- WHAT NEEDS TO BE DONE -
In the listing beneath this line, copy exactly the lines starting with the one containing "LuxenHome Waves Design" and going on through the one containing "Vault & Piazza".

- MATERIAL PROVIDED -
# # # # # # #
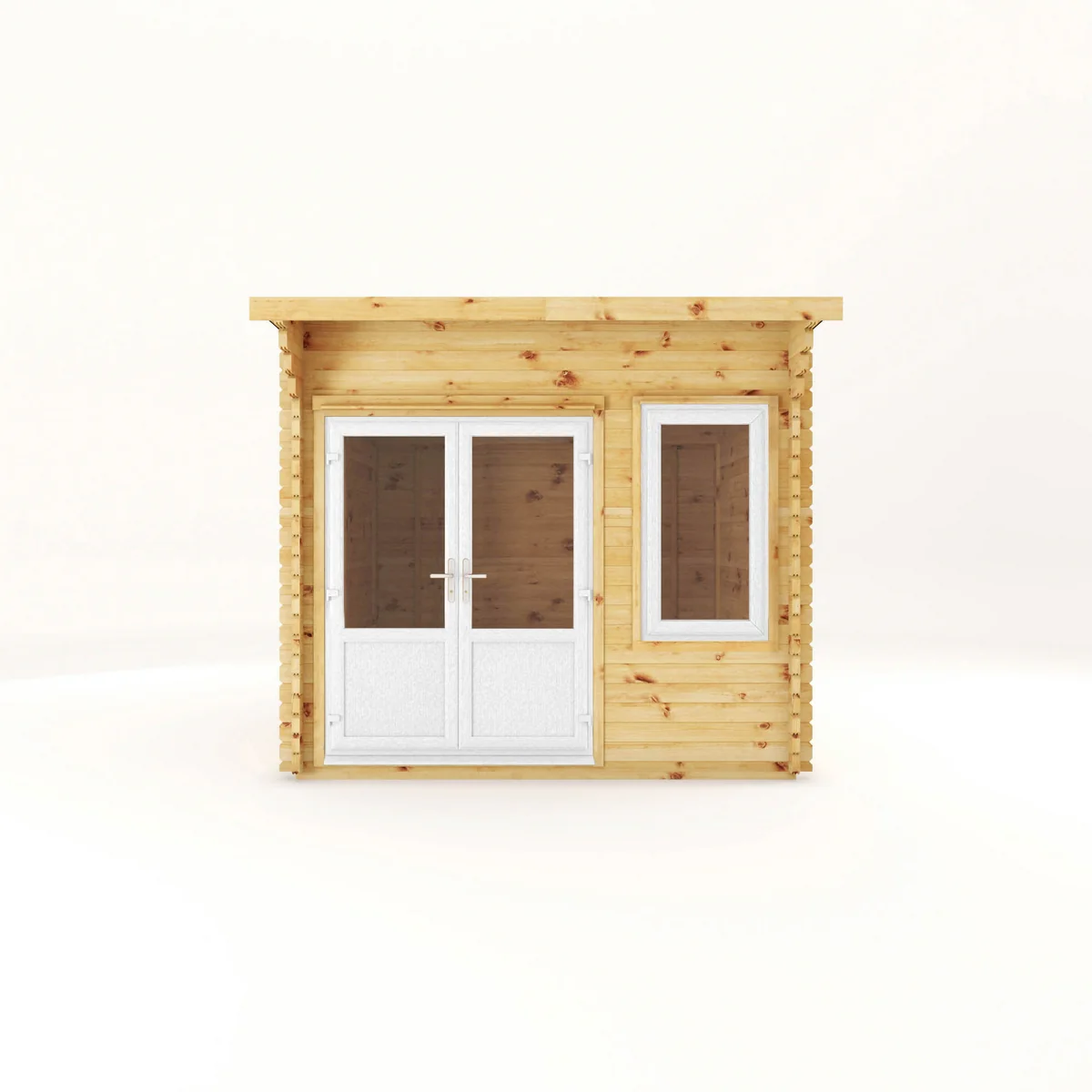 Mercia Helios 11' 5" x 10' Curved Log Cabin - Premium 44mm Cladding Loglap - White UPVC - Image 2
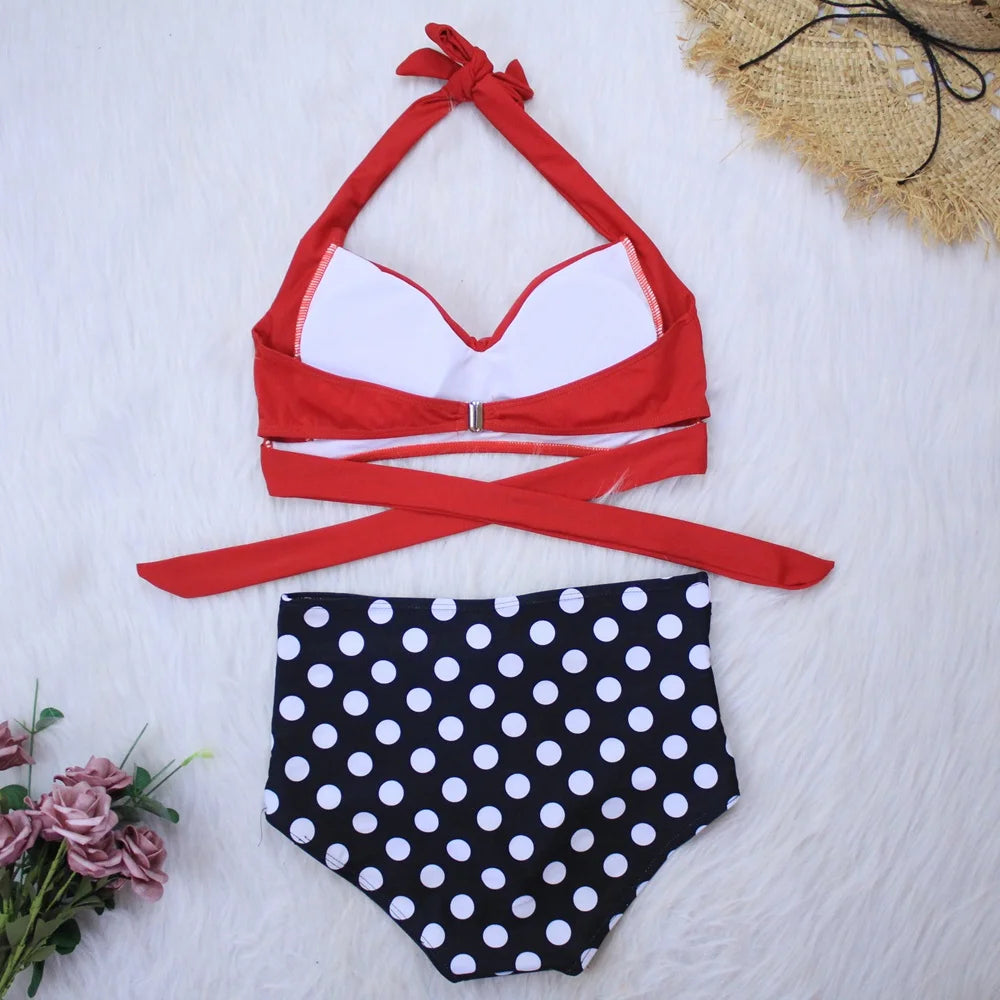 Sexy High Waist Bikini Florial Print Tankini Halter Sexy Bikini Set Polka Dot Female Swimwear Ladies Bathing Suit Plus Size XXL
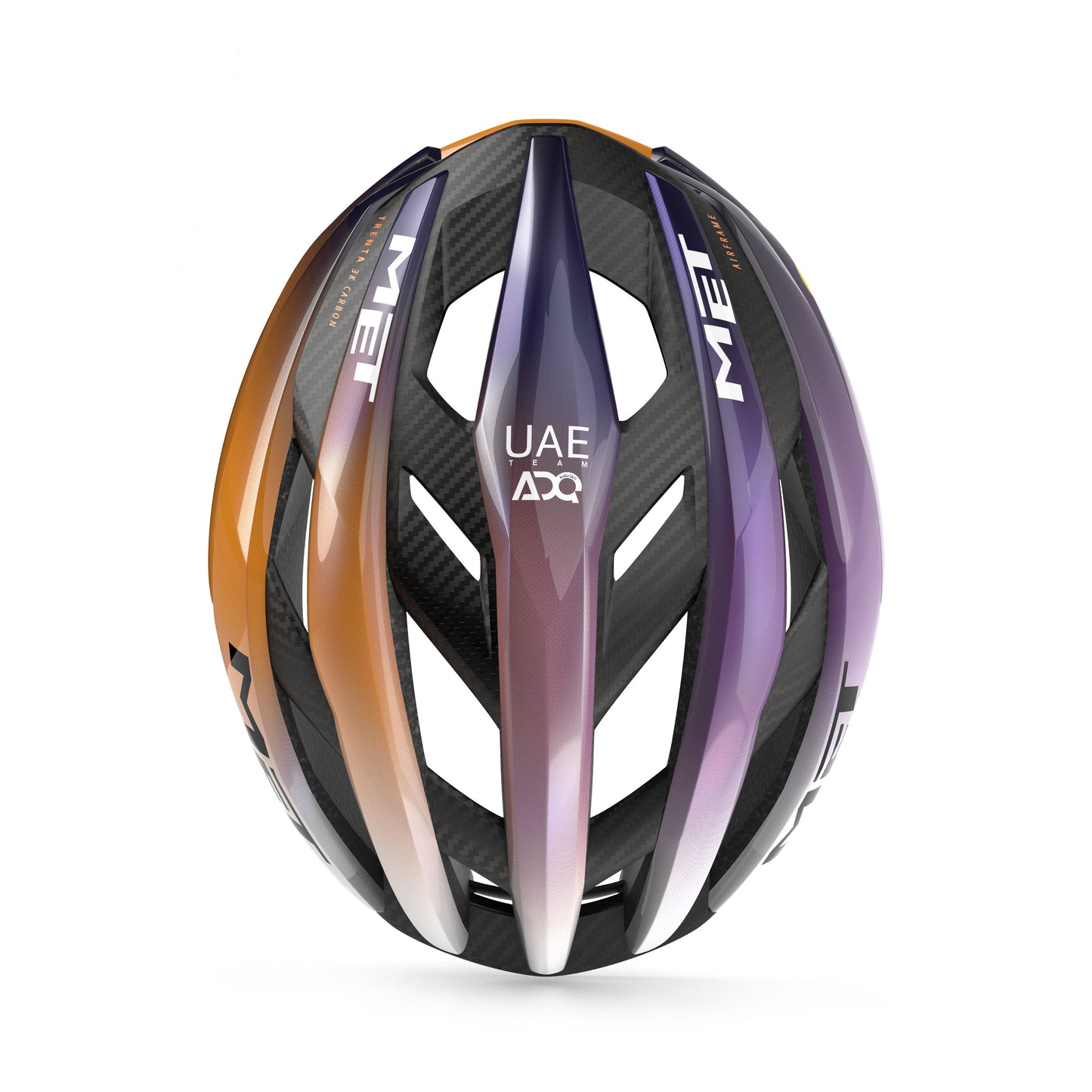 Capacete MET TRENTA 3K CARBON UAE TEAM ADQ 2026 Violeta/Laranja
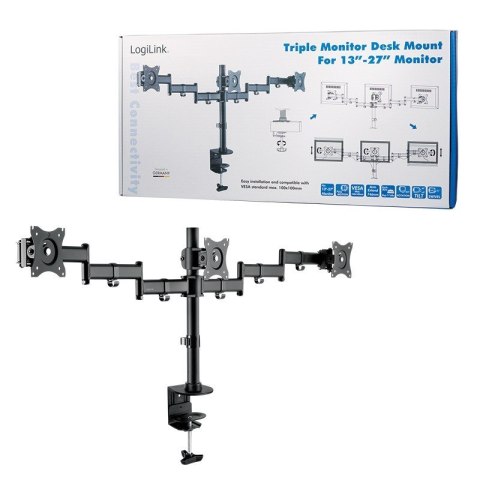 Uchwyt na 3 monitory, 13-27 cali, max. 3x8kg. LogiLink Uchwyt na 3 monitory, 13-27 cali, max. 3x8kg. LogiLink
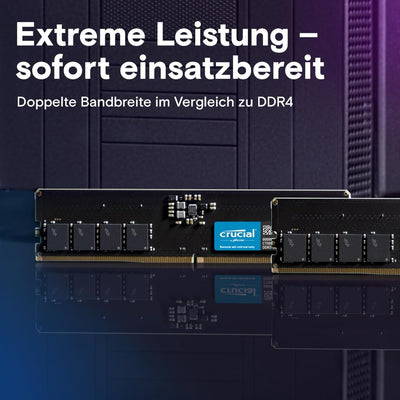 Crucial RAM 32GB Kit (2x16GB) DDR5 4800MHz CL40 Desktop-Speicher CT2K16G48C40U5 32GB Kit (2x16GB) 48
# # # # # # #
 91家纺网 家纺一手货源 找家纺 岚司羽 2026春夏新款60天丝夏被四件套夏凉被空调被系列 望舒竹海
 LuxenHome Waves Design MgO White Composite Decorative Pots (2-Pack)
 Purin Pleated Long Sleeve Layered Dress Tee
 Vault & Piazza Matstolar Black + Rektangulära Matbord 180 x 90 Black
# # # # # # #
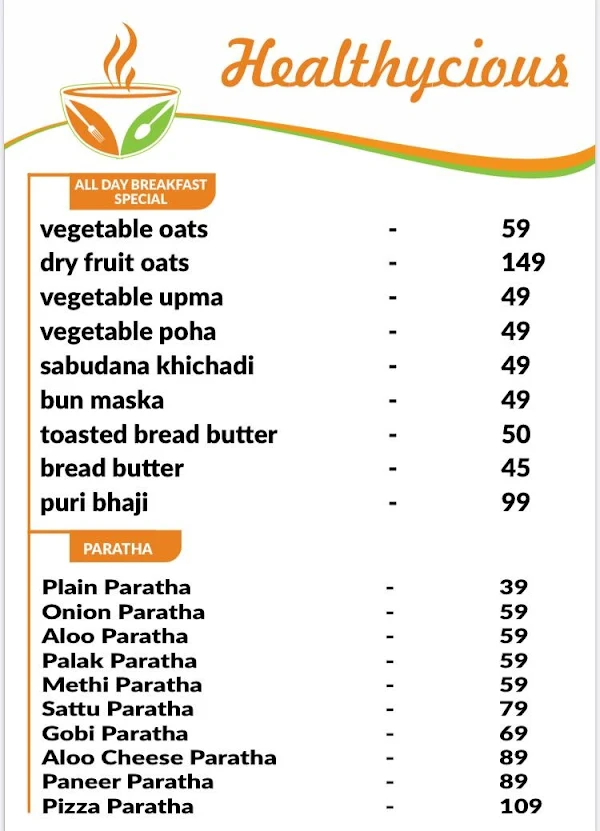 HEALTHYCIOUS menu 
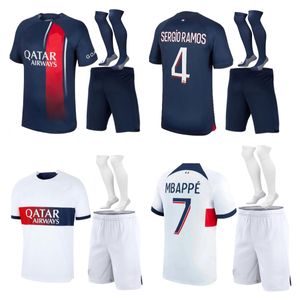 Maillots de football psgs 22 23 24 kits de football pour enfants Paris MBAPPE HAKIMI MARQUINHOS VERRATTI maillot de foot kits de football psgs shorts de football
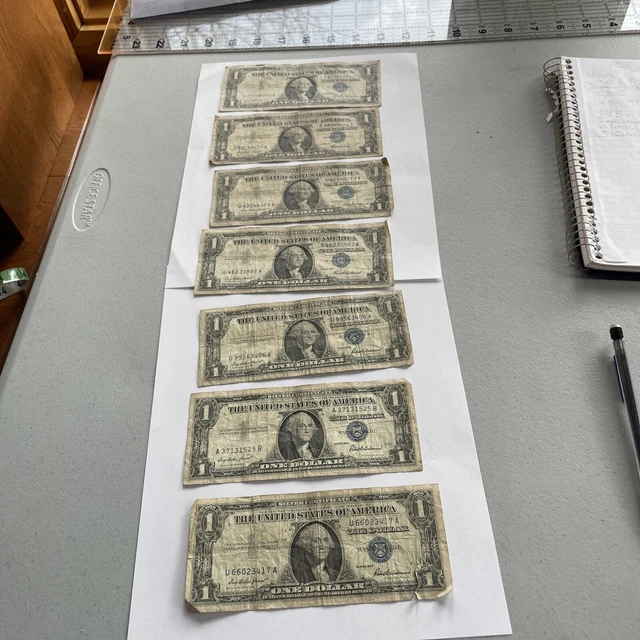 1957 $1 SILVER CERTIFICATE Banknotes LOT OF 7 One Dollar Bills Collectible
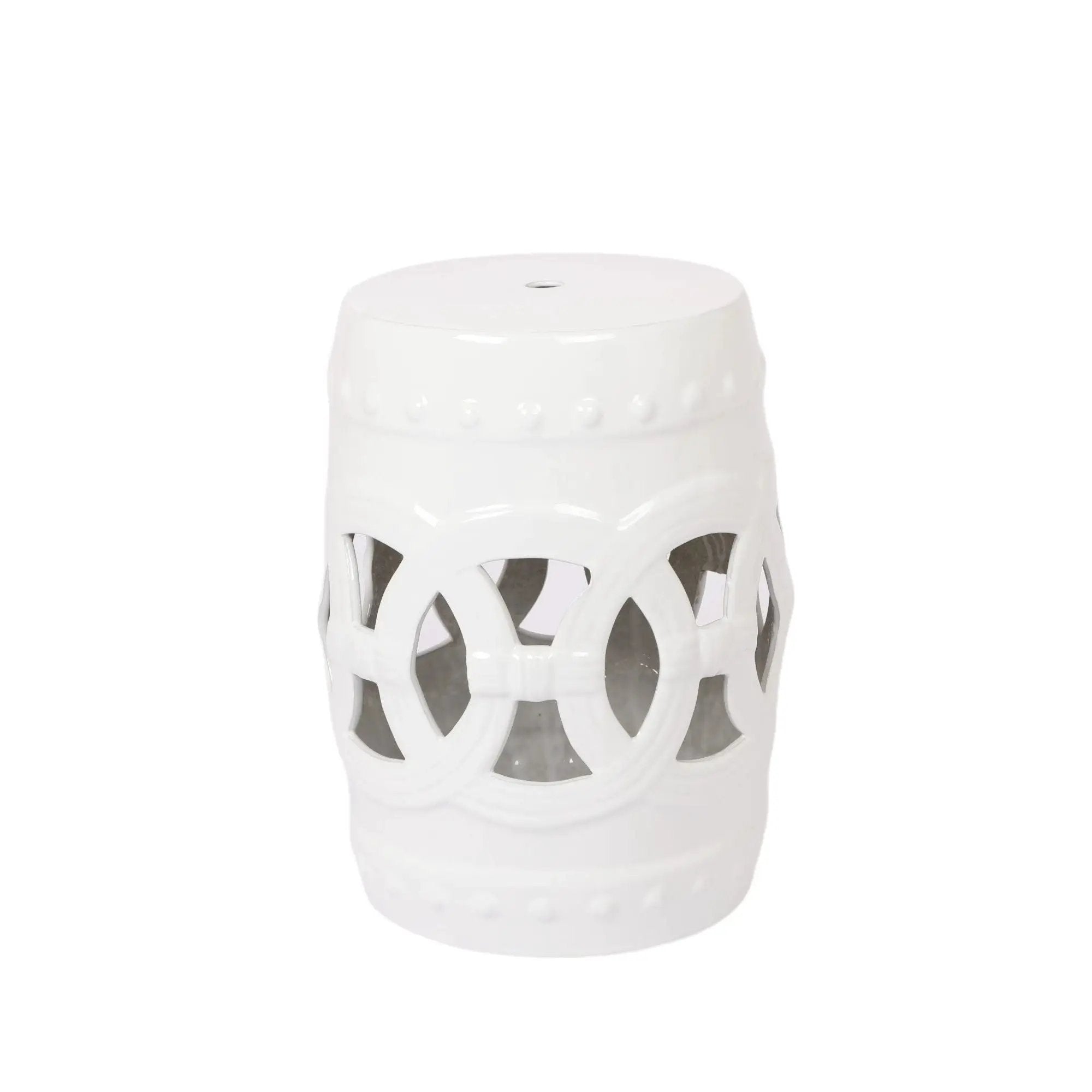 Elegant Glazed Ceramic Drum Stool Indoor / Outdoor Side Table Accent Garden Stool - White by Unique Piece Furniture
# # # # # # #
- REPLY TO THE EXERCISE -
 LuxenHome Waves Design MgO White Composite Decorative Pots (2-Pack)
 Purin Pleated Long Sleeve Layered Dress Tee
 Vault & Piazza Matstolar Black + Rektangulära Matbord 180 x 90 Black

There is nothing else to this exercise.